--- START ---

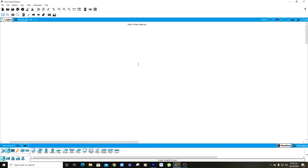Asalaamu alaikum, my name is Mohamad Mohamad and I will be teaching you guys how to make a basic peer-to-peer network using Cisco Packet Tracer. Before we begin I'm going to give a brief description of what a peer-to-peer network is.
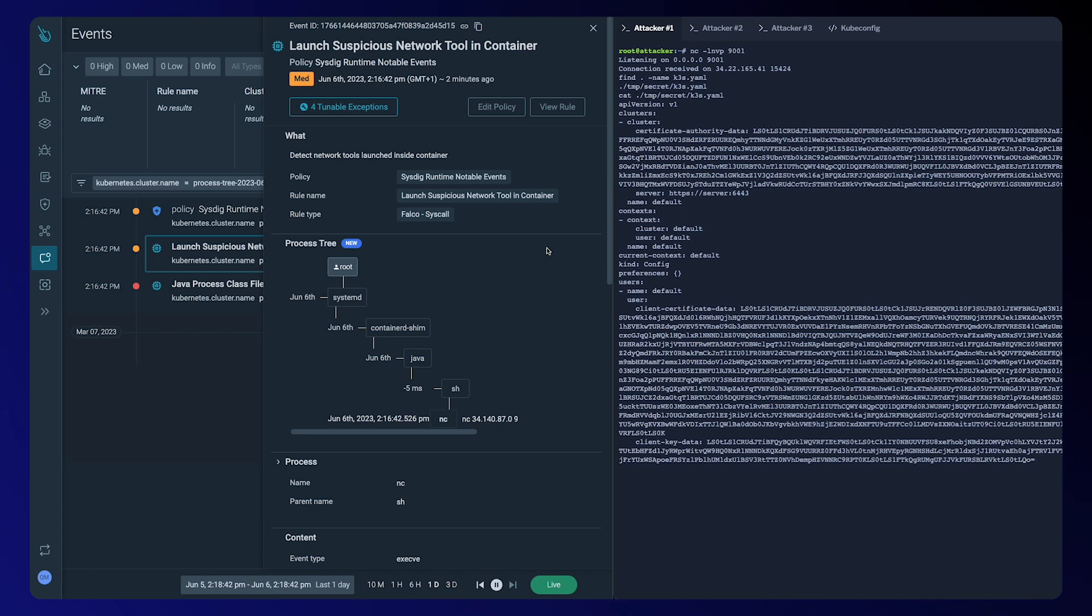looking at the additional context provided by the process tree, we see that a shell terminal spawned from our Java process. This is definitely alarming. Once again, having additional context completely changes the story.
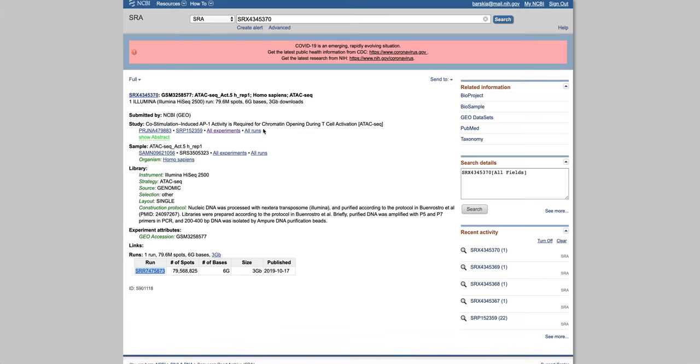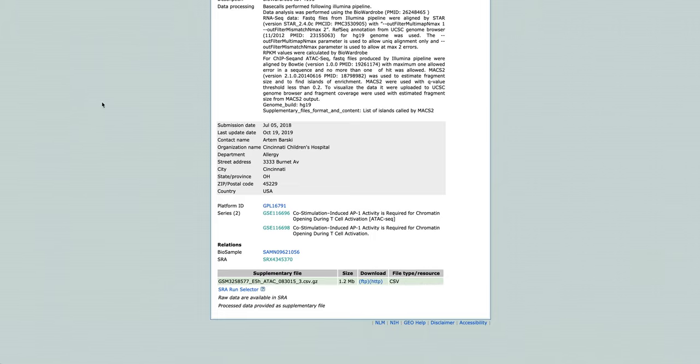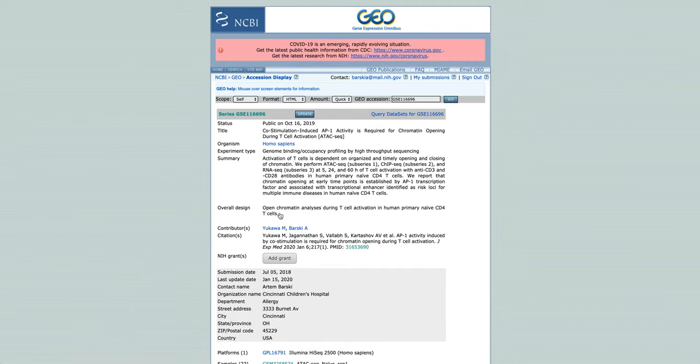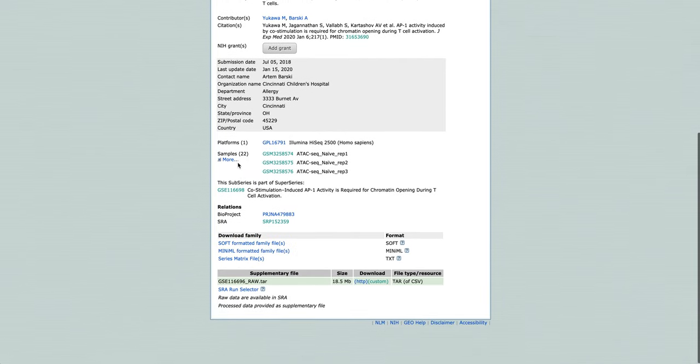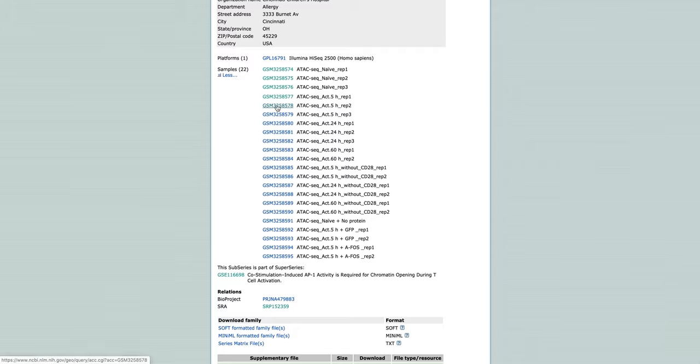Here you can see the experiments. We want to use ATAC-seq data from this series, and we want to take the experiment that is called ATAC-seq activated 5 hours replicate 2.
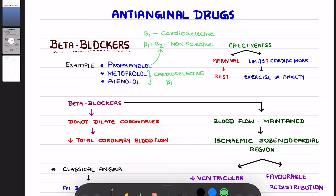If you compare the effect of beta blockers in a normal person versus a person who has angina, the effectiveness of beta blockers will be only marginal when the person is at rest. Their effectiveness will be more when the patient is exercising or during anxiety. These beta blockers will decrease cardiac work — they limit the increase in cardiac work in such conditions.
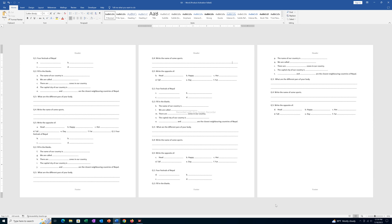In this video we will see how to remove header and footer from Microsoft Word document. In this document you can see there is header on the top and there is footer on the top.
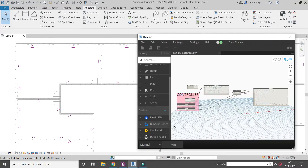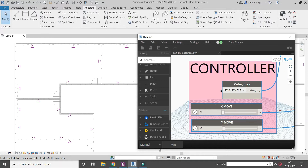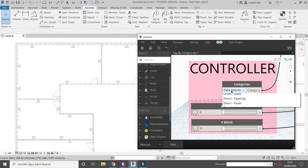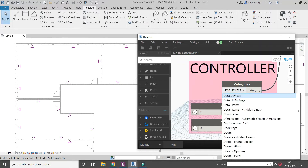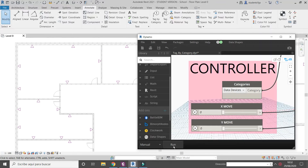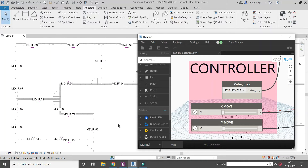Open Dynamo. We are going to focus only on these three nodes. First of all, define which category you want to tag, then press the run button. Now we can use these two parameters to move tags.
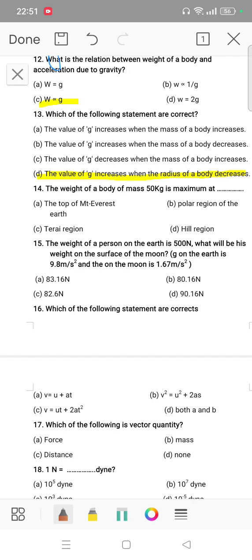The weight of a body of mass 50 kg is maximum at a certain location. Question number 15: the weight of a person on the earth is 500 Newton. What will be his weight on the surface of the moon?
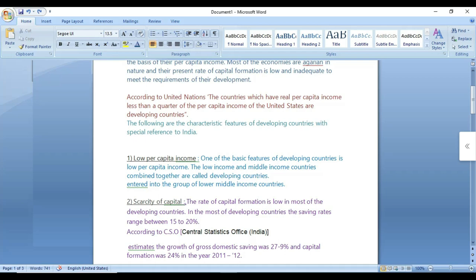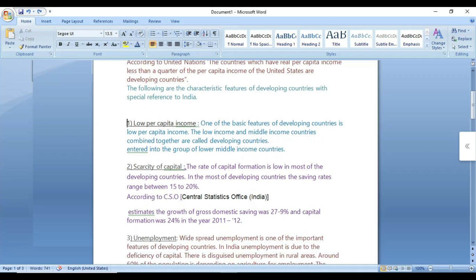Low per capita income is calculated as the total income of the country divided by population. This tells you how much income each person has on average. Low per capita income is a fundamental characteristic of developing countries.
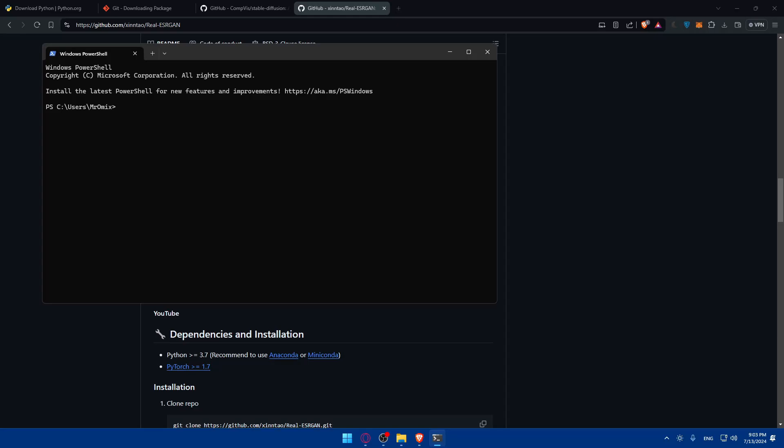Note that the installation process may take some time depending on your machine performance and internet. After installing it you'll need to integrate it with stable diffusion. You can modify the script to use Real-ESRGAN for upscaling images generated by stable diffusion.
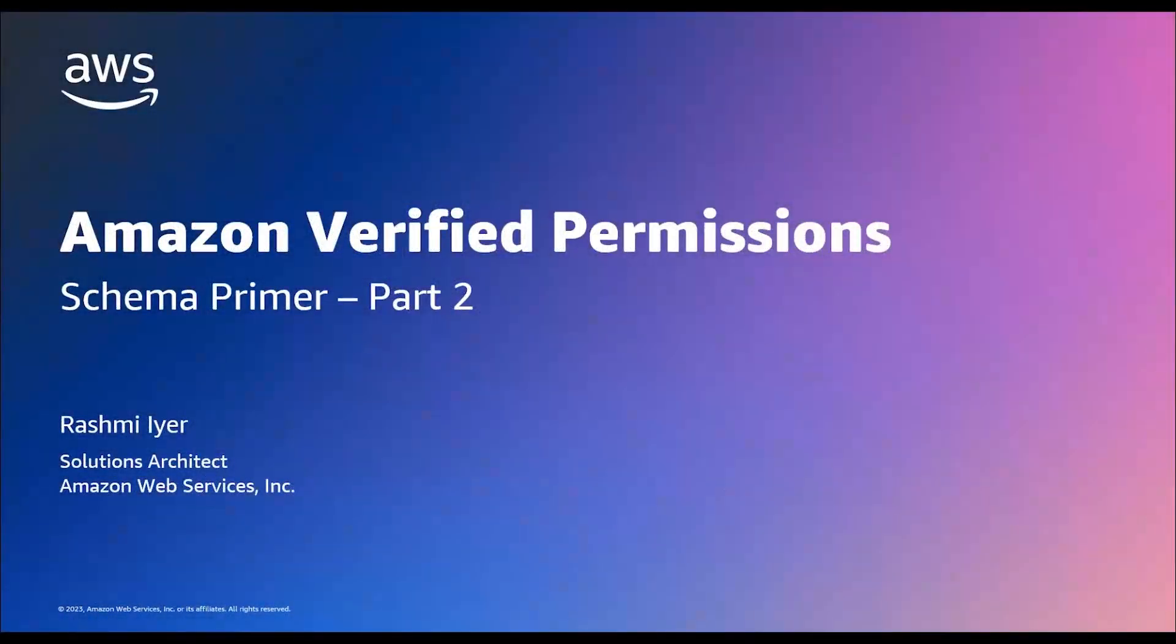Hi, I'm Rashmi and I am a Solutions Architect at Amazon Web Services. Welcome to the second video in the Policy Development Series for Amazon Verified Permissions. If you haven't watched the previous video, then it's highly recommended that you watch the first video. You can find the link in the description below.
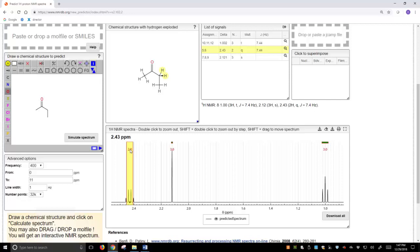Now this doesn't mean this is exactly what the spectrum will look like. This is a prediction tool, but these are pretty high-quality predictions and certainly good enough for us to learn trends in how molecules behave in an NMR spectrometer.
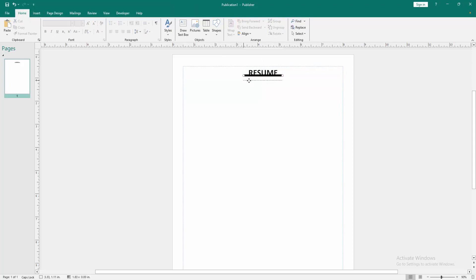Then move this line down. Now we can see we made a bold line for resume very easily.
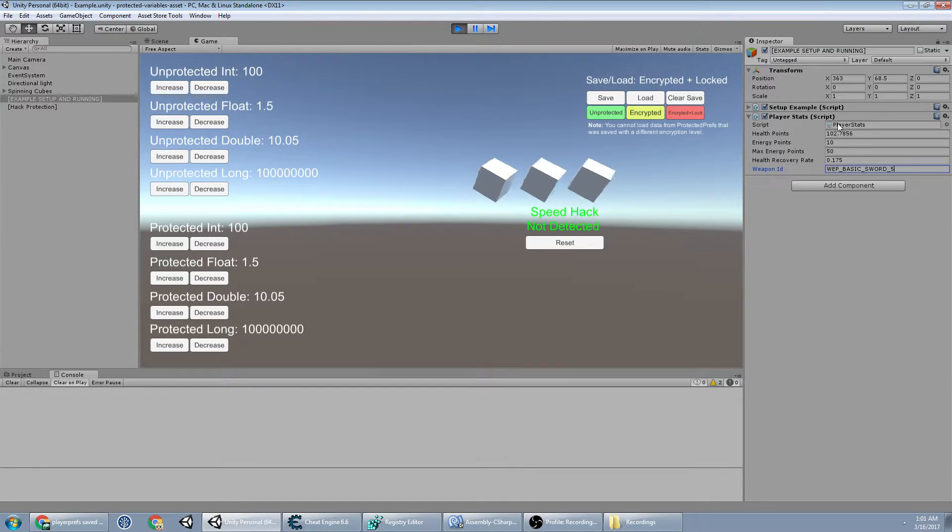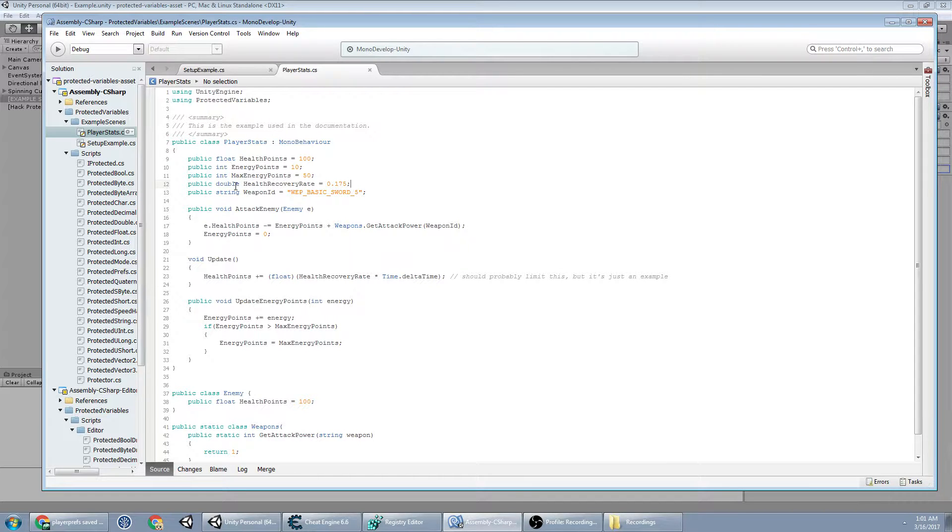Now here's the script that shows those values and I'm going to show you how simple it is with all of this to use the new protected variables.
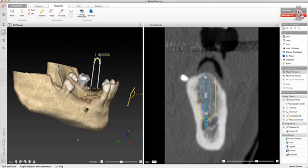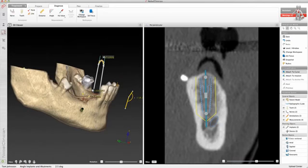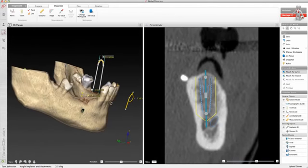If abutments have been planned for both implants, the 3D angle between the abutment axes is shown as well.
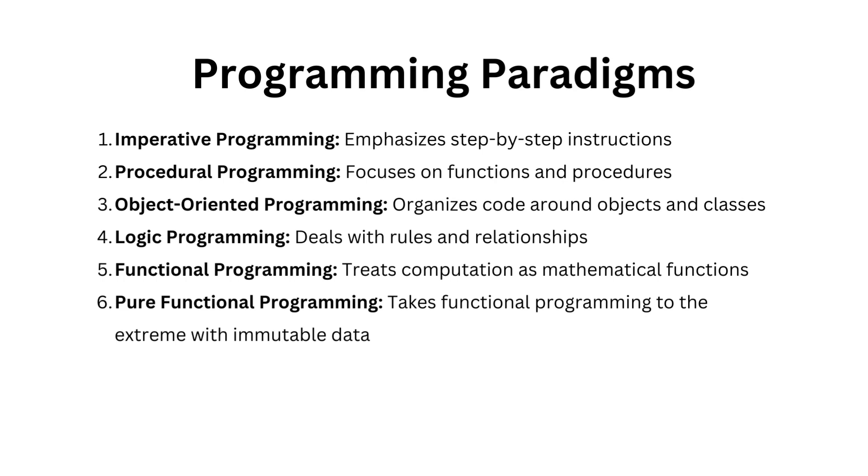Next up is procedural programming. It's all about functions and procedures, like breaking your code into smaller manageable tasks. Now we have object-oriented programming, which organizes code around objects and classes, like modeling real-world objects in your code.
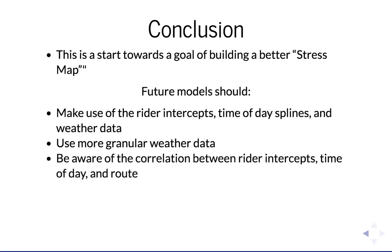Those are the major findings in my work, and I hope it eventually leads to building the actual improved stress map. Doing this work was a huge learning experience, and I'm honored to be able to tell you a little bit about it. Thank you.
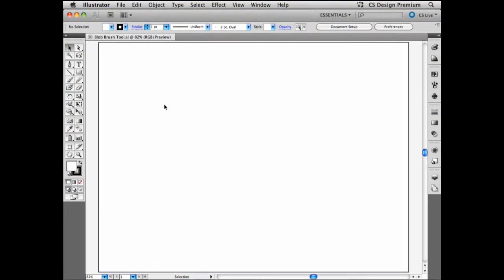Hi there, my name is Rufus Deutschler, Design Evangelist at Adobe Systems. If you want to be on the fast track with Adobe Illustrator, you need to know about the blob brush tool.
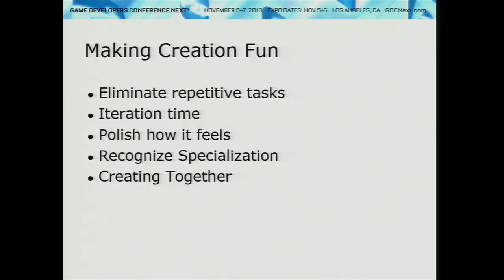We want to make it fun to keep creating. Game development by itself can be very fun, but in the professional world there's a lot that sucks the fun out of it — a lot of repetitive tasks. We're not paying you to play with Spark, so if you're doing all these repetitive tasks we're going to lose you. We try to eliminate as many as possible. For example, if you have to place a hundred trees, we make tools that can do that for you so you can focus on the fun part.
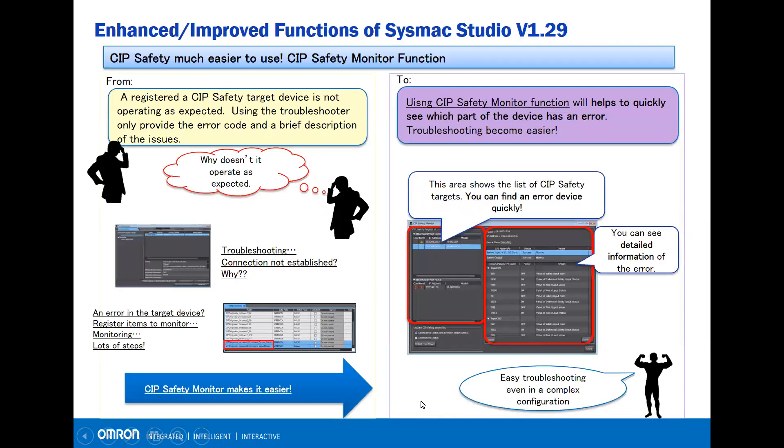In the previous version, if you register a CIP safety target device and there's an issue with the unit, using the troubleshooter only provided the error code and a brief description of the issues.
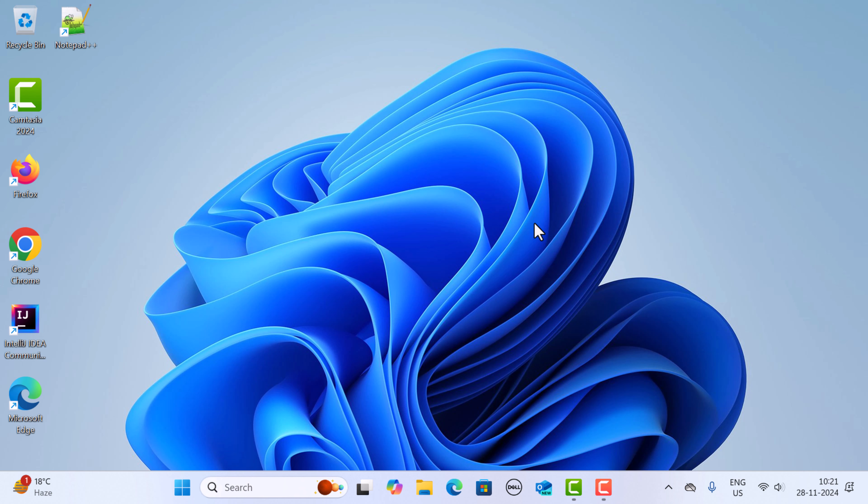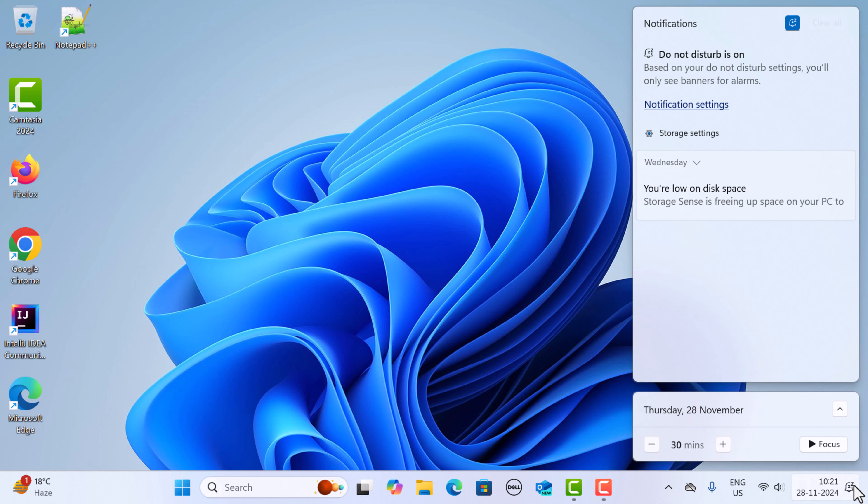Hi everyone, welcome back. In this video, I'm going to show you how to manage notifications in Windows 11. First, let's access your notification settings. Go ahead and click on the notification center, which is the little speech bubble icon on the bottom right corner of your taskbar.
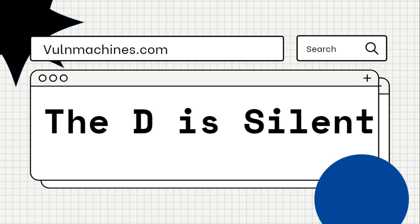Hello pen testers, this is Punit from Rapid Safeguard, back again with another video. In this video we are going to solve our VulnMachines.com lab. The lab name is 'The D is Silent.' Before we dive into the vulnerability, let me give you the walkthrough about the lab.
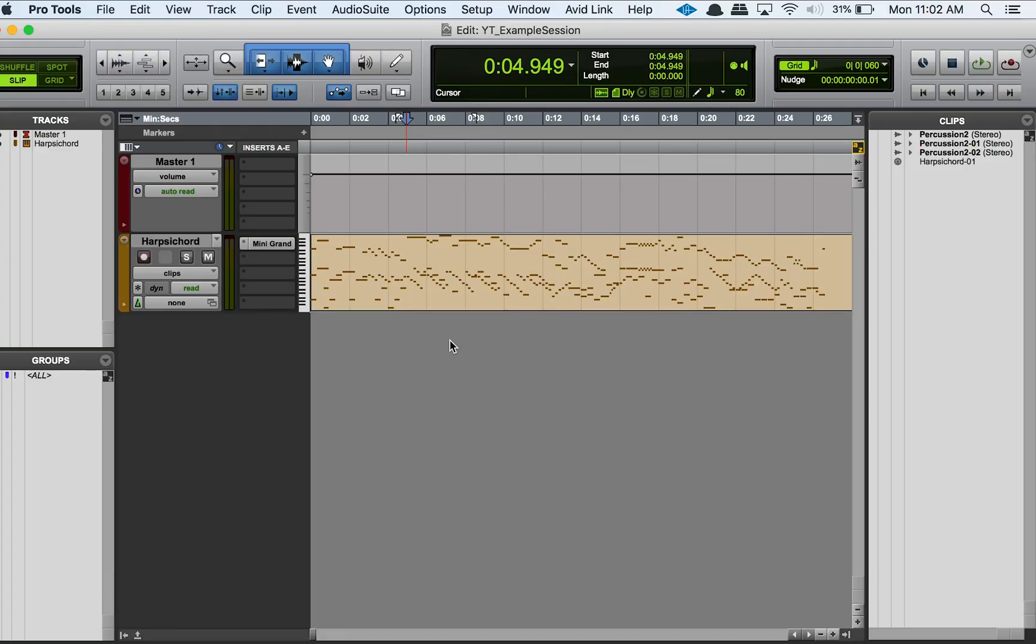Hey guys, welcome back to my channel. So today's just another shorty video, so I figured we would talk about the score editor a little bit and how to open up the score editor.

--- END ---

## What the exercise asks
Your task is to reproduce exactly the lines running from the line that contains "Hi everyone, welcome" to the end of the records, pictures excluded.

## Exercise answer
Hi everyone, welcome back. In this video, I'm going to show you how to manage notifications in Windows 11. First, let's access your notification settings. Go ahead and click on the notification center, which is the little speech bubble icon on the bottom right corner of your taskbar.
Hello pen testers, this is Punit from Rapid Safeguard, back again with another video. In this video we are going to solve our VulnMachines.com lab. The lab name is 'The D is Silent.' Before we dive into the vulnerability, let me give you the walkthrough about the lab.
Hey guys, welcome back to my channel. So today's just another shorty video, so I figured we would talk about the score editor a little bit and how to open up the score editor.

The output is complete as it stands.